[TASK OBJECTIVE] Give again exactly the lines that stretch from the one with "Africký šnek Lissachatina" to the end of the data below, including both of those lines and nothing else.
BEGIN RECORDS
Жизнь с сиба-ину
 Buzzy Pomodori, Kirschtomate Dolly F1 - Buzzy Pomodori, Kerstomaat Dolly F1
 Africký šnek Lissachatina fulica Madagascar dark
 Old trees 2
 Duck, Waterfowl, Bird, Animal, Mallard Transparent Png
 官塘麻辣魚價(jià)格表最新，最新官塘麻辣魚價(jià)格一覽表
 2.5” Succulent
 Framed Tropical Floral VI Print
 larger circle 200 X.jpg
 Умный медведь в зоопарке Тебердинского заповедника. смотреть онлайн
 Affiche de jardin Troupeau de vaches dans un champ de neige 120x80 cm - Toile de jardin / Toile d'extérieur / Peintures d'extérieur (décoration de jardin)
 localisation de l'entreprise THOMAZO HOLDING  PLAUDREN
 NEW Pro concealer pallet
END RECORDS
[EXERCISE OUTPUT]
 Africký šnek Lissachatina fulica Madagascar dark
 Old trees 2
 Duck, Waterfowl, Bird, Animal, Mallard Transparent Png
 官塘麻辣魚價(jià)格表最新，最新官塘麻辣魚價(jià)格一覽表
 2.5” Succulent
 Framed Tropical Floral VI Print
 larger circle 200 X.jpg
 Умный медведь в зоопарке Тебердинского заповедника. смотреть онлайн
 Affiche de jardin Troupeau de vaches dans un champ de neige 120x80 cm - Toile de jardin / Toile d'extérieur / Peintures d'extérieur (décoration de jardin)
 localisation de l'entreprise THOMAZO HOLDING  PLAUDREN
 NEW Pro concealer pallet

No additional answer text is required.